**REQUIRED WORK:** The output should be every line below, retyped exactly, with no images.

Stored items
—————
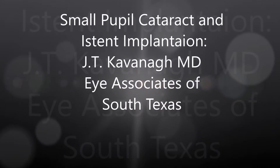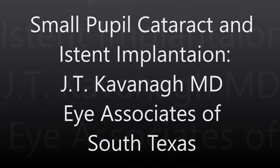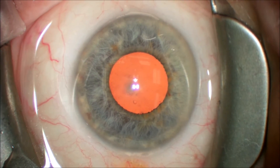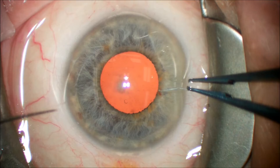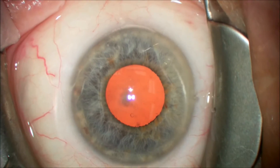This is Dr. Kavanagh by Associates of South Texas. I'm going to show you a small pupil cataract surgery and eye stent implantation on the same patient. This is a patient with a moderately dense cataract who had coexisting mild glaucoma that we were going to implant an eye stent in at the end of the cataract case.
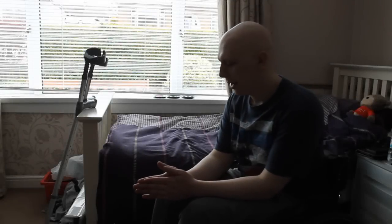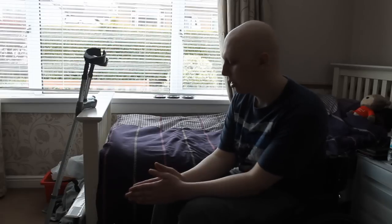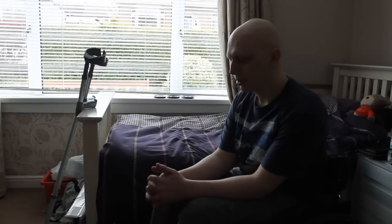Today I'm making this video on AFO leg splints. Leg splints are good for supporting your ankles and your feet when you're walking.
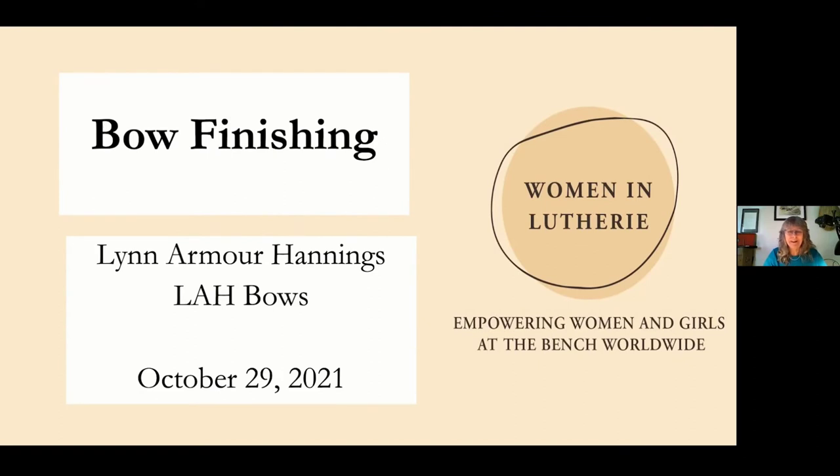Welcome everybody. In all my years of teaching, bow finishing is something that's really been neglected — not because I wanted to neglect it, but because we simply run out of time. The final aspects of finishing are so critically important to the aesthetic beauty and saleability of the bows, but we never quite get there. My teachers only gave me basic information about what they had learned in France, and things have changed over time.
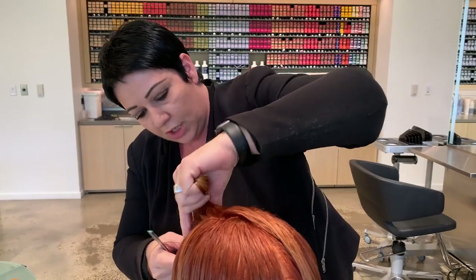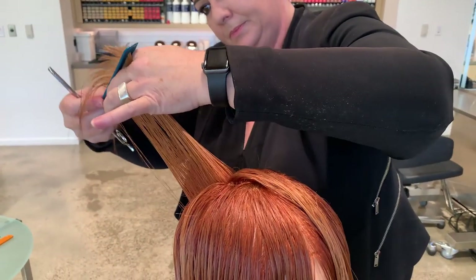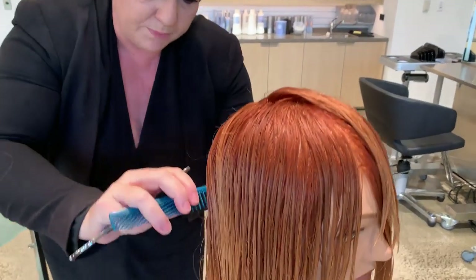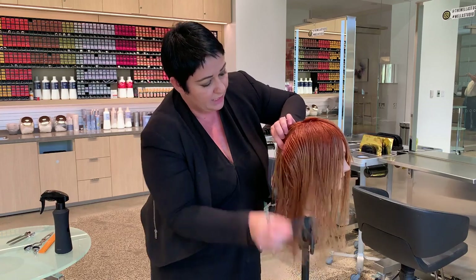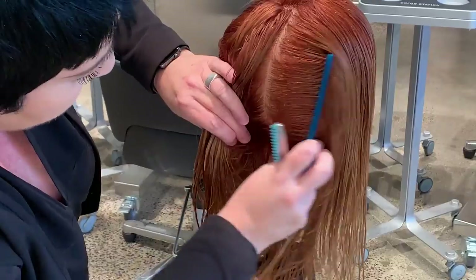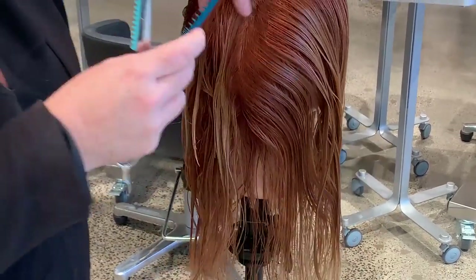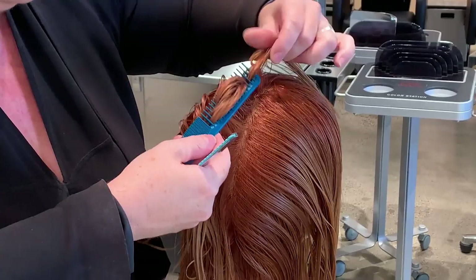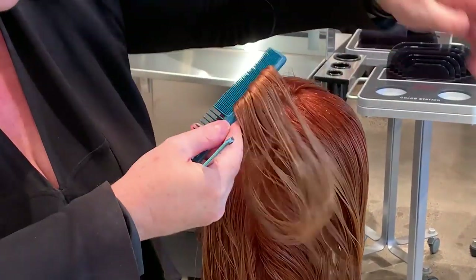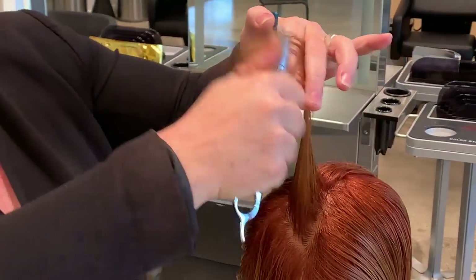As I reach just above the occipital, I get that last little bit. Now I'm going to change my body position. For my next section I'm simply going to pivot, continuing exactly the same — taking a small section from my established guide, following the head shape, cutting with the blade.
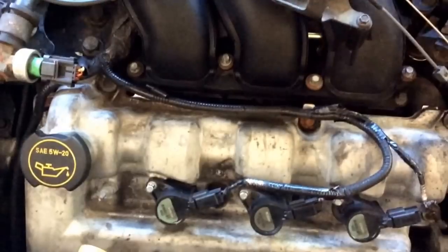I have a 2002 Ford Escape with a 3.0 and I'm going to show you guys how to diagnose a misfire.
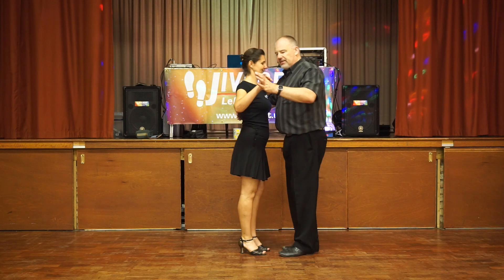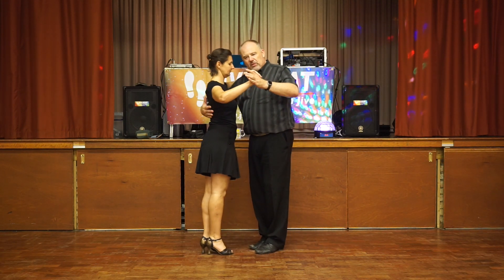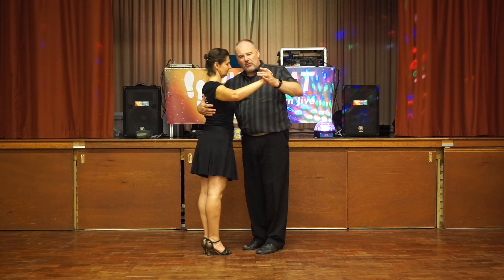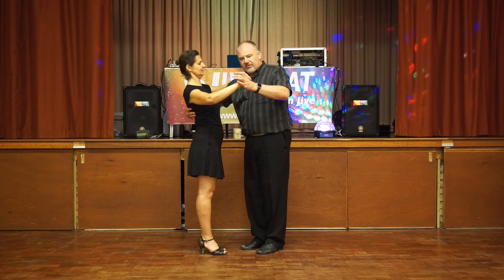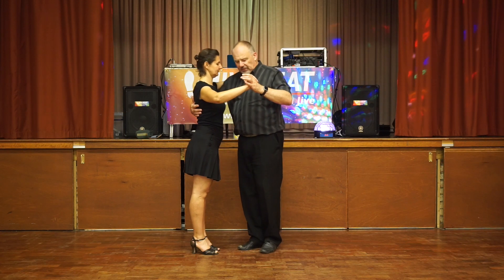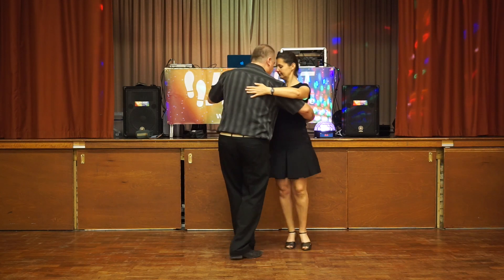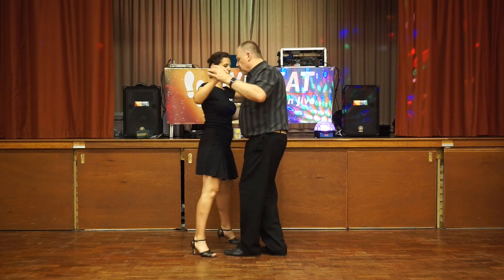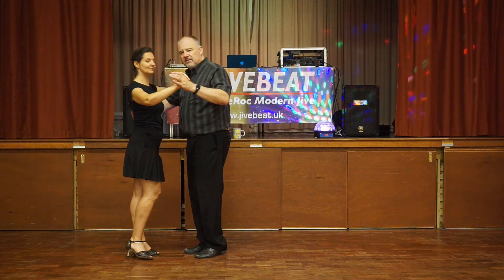Make sure that you stay nice and close to your partner. Leaders, keep control of your partner with your right arm behind her, so she doesn't feel she can drift away from you too far. But don't pull in too tight either — it's a nice stable hold — and then lead around, round, round, and then we're ready to pull away. Thank you so much.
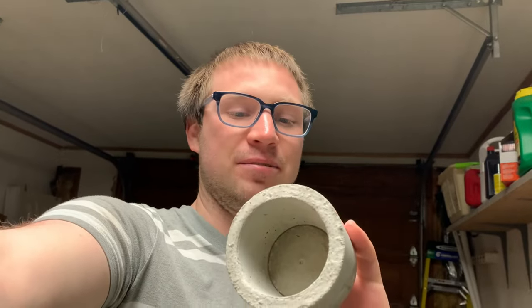Hello, welcome back to Daniel's DIY channel. Today we're gonna be making this concrete succulent planter. You can put succulents in it, or small plants, or you can put other stuff in it — pens, paperclips, whatever. Hope you enjoy the video; if you do, give it a thumbs up.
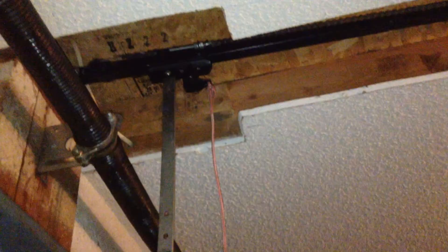There are the torsion springs — they look pretty new. We're looking at a garage door; I think this is an overhead door.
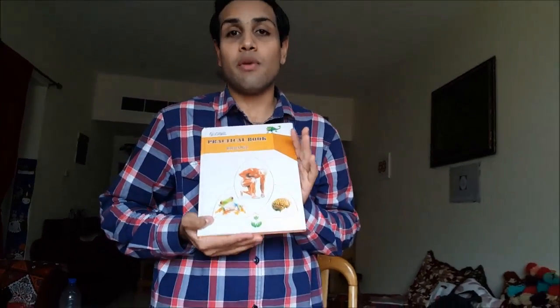Hi dear students and welcome to my tutorial. In today's tutorial I'll be telling you how to prepare your NIOS home science practical manual booklet. This video I have been making on the request of Mr. Shiv Kumar Arora. So let us just see how to prepare the manual.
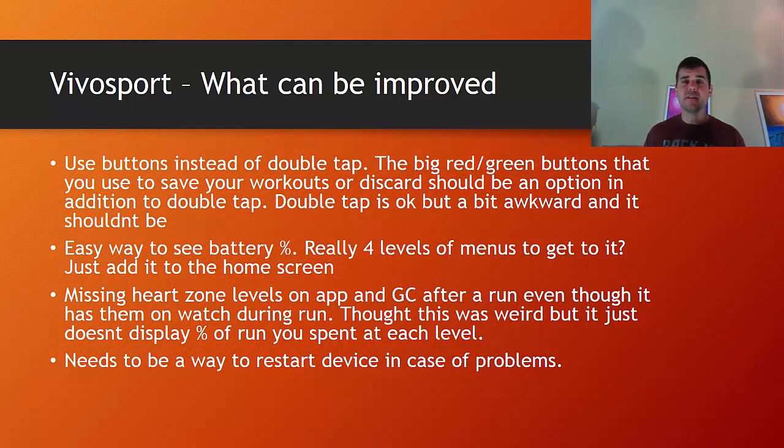Battery percentage would be really nice to see more easily — it takes me like four screens to actually get to my battery percentage; it would be nice to have that on one of the main screens. Also, I think it's actually a bug, but when I'm in Garmin Connect I can't see my heart rate zones that I ran in. The watch itself displays the heart rate zone, so I don't know why it's not showing in the app. And there is no way to restart the device, which is something — whenever technology is acting up, sometimes a fresh restart is all it needs. I think that would be really important.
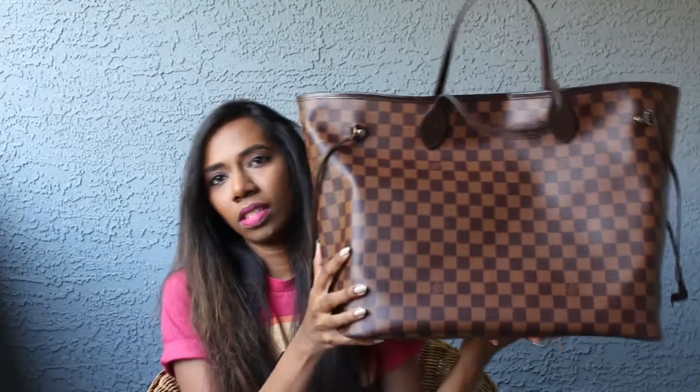So this is the bag we are going to talk about today. I bought it in a size GM. For reference I am 5'2" and about 100 lbs. I have seen a lot of videos on YouTube where they say GM size may be a little too much for a petite frame, but I went to the store and I tried both GM and MM. I do have other tote bags like my Coach bag and the Tory Burch Perry tote which is almost the same size as the MM. So I didn't want to buy the MM size.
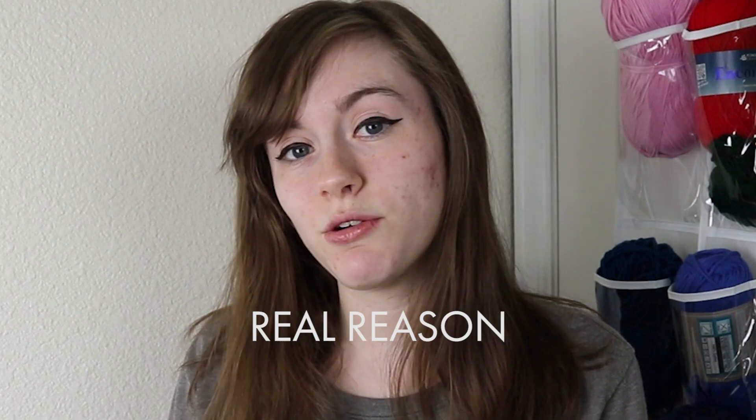Hey guys, welcome back to my YouTube channel. I'm Abby and today I'm gonna be crocheting the child from the Mandalorian — people know him mostly as Baby Yoda. I'll probably just be calling him Baby Yoda because that's the cuter name. I'd already made a Baby Yoda for my dad for Christmas, but I didn't record myself making him. So now I get to make one for myself. Let's crochet!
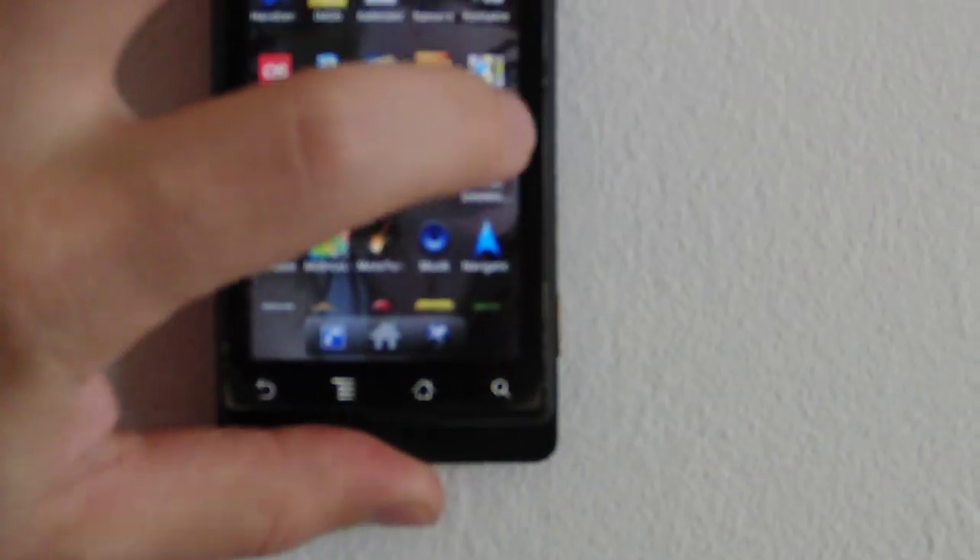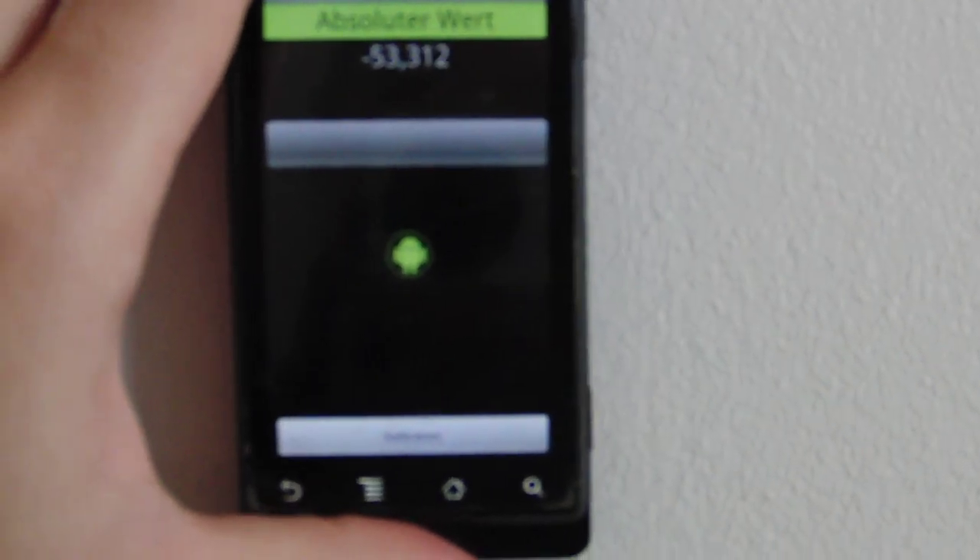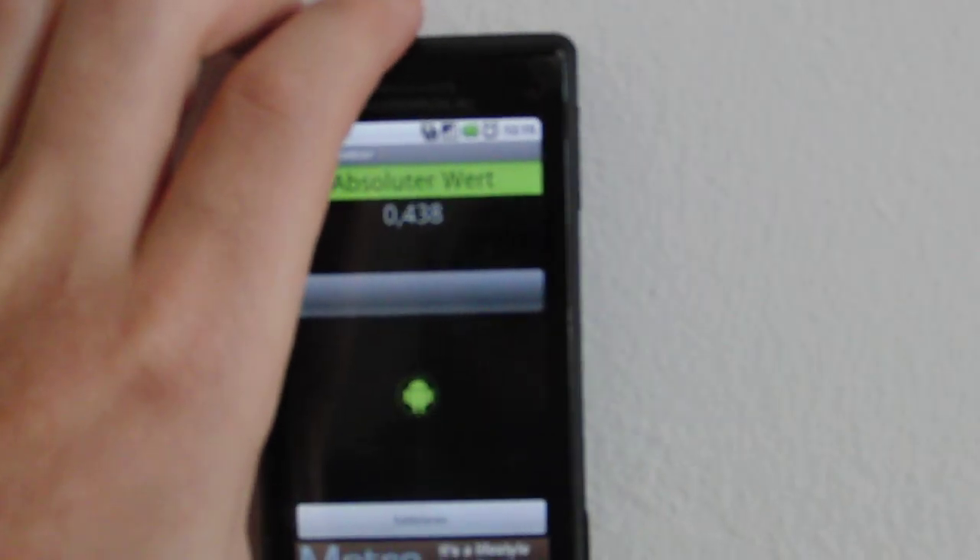So we just start it, and now we need to calibrate the value to zero to the environment. We just hit calibrate and now it's zeroed. Now we can move across the wall to detect any cables.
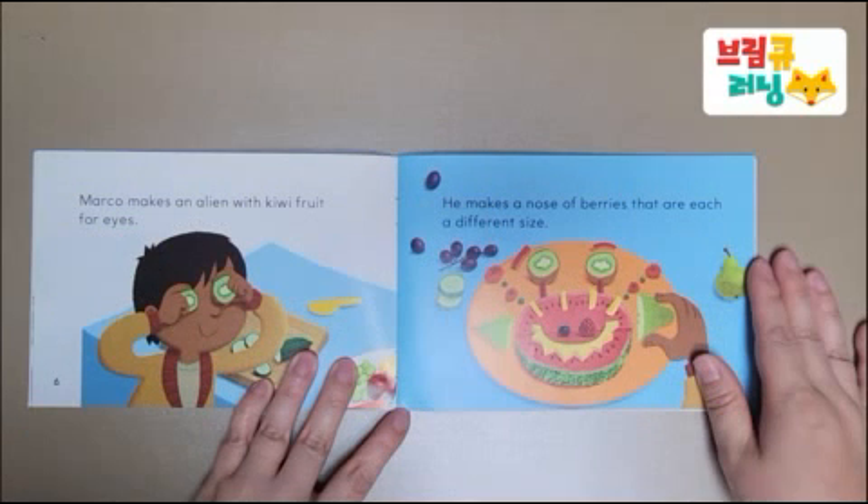Marco makes an alien with kiwi fruit for eyes. He makes a nose of berries that are each a different size.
—————
**RESPONSE:**
This is Dr. Kavanagh by Associates of South Texas. I'm going to show you a small pupil cataract surgery and eye stent implantation on the same patient. This is a patient with a moderately dense cataract who had coexisting mild glaucoma that we were going to implant an eye stent in at the end of the cataract case.
Today I'm making this video on AFO leg splints. Leg splints are good for supporting your ankles and your feet when you're walking.
Welcome everybody. In all my years of teaching, bow finishing is something that's really been neglected — not because I wanted to neglect it, but because we simply run out of time. The final aspects of finishing are so critically important to the aesthetic beauty and saleability of the bows, but we never quite get there. My teachers only gave me basic information about what they had learned in France, and things have changed over time.
As I reach just above the occipital, I get that last little bit. Now I'm going to change my body position. For my next section I'm simply going to pivot, continuing exactly the same — taking a small section from my established guide, following the head shape, cutting with the blade.
I have a 2002 Ford Escape with a 3.0 and I'm going to show you guys how to diagnose a misfire.
Make sure that you stay nice and close to your partner. Leaders, keep control of your partner with your right arm behind her, so she doesn't feel she can drift away from you too far. But don't pull in too tight either — it's a nice stable hold — and then lead around, round, round, and then we're ready to pull away. Thank you so much.
Hello, welcome back to Daniel's DIY channel. Today we're gonna be making this concrete succulent planter. You can put succulents in it, or small plants, or you can put other stuff in it — pens, paperclips, whatever. Hope you enjoy the video; if you do, give it a thumbs up.
There are the torsion springs — they look pretty new. We're looking at a garage door; I think this is an overhead door.
Hi dear students and welcome to my tutorial. In today's tutorial I'll be telling you how to prepare your NIOS home science practical manual booklet. This video I have been making on the request of Mr. Shiv Kumar Arora. So let us just see how to prepare the manual.
Battery percentage would be really nice to see more easily — it takes me like four screens to actually get to my battery percentage; it would be nice to have that on one of the main screens. Also, I think it's actually a bug, but when I'm in Garmin Connect I can't see my heart rate zones that I ran in. The watch itself displays the heart rate zone, so I don't know why it's not showing in the app. And there is no way to restart the device, which is something — whenever technology is acting up, sometimes a fresh restart is all it needs. I think that would be really important.
So this is the bag we are going to talk about today. I bought it in a size GM. For reference I am 5'2" and about 100 lbs. I have seen a lot of videos on YouTube where they say GM size may be a little too much for a petite frame, but I went to the store and I tried both GM and MM. I do have other tote bags like my Coach bag and the Tory Burch Perry tote which is almost the same size as the MM. So I didn't want to buy the MM size.
Hey guys, welcome back to my YouTube channel. I'm Abby and today I'm gonna be crocheting the child from the Mandalorian — people know him mostly as Baby Yoda. I'll probably just be calling him Baby Yoda because that's the cuter name. I'd already made a Baby Yoda for my dad for Christmas, but I didn't record myself making him. So now I get to make one for myself. Let's crochet!
So we just start it, and now we need to calibrate the value to zero to the environment. We just hit calibrate and now it's zeroed. Now we can move across the wall to detect any cables.
Marco makes an alien with kiwi fruit for eyes. He makes a nose of berries that are each a different size.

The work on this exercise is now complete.